À vous dire franchement, — je suis bien obligé d’en convenir, moi, l’ami de la vérité, — la rencontre de mon ancien condisciple ne m’était rien moins qu’agréable. Je vis tout de suite que ce n’était pas une relation solide. Il était très pâle, et lorsque je lui demandai l’heure, il ne put me répondre. Ce sont là des symptômes auxquels un homme qui a fréquenté la Bourse une vingtaine d’années, ne se trompe pas. En ai-je vu tomber, de ces maisons !

Croyant qu’il prendrait à droite, j’allais prendre à gauche. Mais, il me suivit, et la conversation s’engagea, bien contre mon gré. Je ne pouvais m’ôter de la cervelle qu’il n’avait pas de montre ; et je m’aperçus en outre que sa petite redingote était boutonnée jusqu’au menton ; — mauvais signe ! — de sorte que, tant que je le pus, je laissai tomber notre entretien. Il me raconta qu’il était allé aux Indes, qu’il s’était marié, qu’il avait des enfants. Je n’avais rien à redire à tout cela, mais je n’y trouvais rien d’intéressant.

Arrivé devant la petite rue de la Chapelle, qu’en temps ordinaire je ne prends jamais, — cette ruelle étant indigne d’un homme comme il faut — je m’arrêtai, faisant mine de la prendre.
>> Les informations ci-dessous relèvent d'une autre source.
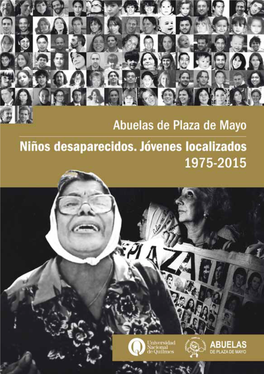 Niños Desaparecidos. Jóvenes Localizados 1975-2015 : Abuelas De Plaza De Mayo; Con Prólogo De Estela Barnes De Carlotto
Je la dépassai même, pour lui faire bien comprendre qu’il n’avait plus qu’à marcher droit devant lui, et je lui dis le plus poliment possible :… il faut être poli avec tout le monde, ne sachant pas si plus tard, on ne doit pas se retrouver :

— Enchanté de vous avoir rencontré, monsieur… mais… mais… je vous demande pardon. Il faut que j’entre là !…

Alors il me regarda d’une singulière façon, et saisissant un bouton de ma redingote, il me répondit :

— Mon cher Duchaume, j’ai quelque chose à vous demander.

Je frissonnai. Il n’avait pas de montre et il allait me demander quelque chose ! Naturellement, je répliquai que je n’avais pas le temps, que je devais aller à la Bourse, quoiqu’il fît nuit. Mais quand on a fréquenté la Bourse une bonne vingtaine d’années, et qu’une ancienne connaissance vous demande quelque chose, sans savoir l’heure !…

Je rattrapai mon bouton ; je saluai toujours poliment, et je pris la petite rue de la Chapelle, ce que je ne fais jamais, parce que ce n’est pas comme il faut, et qu’avant tout, je tiens à être comme il faut.

J’espère bien, du reste, que personne ne m’aura vu la traverser.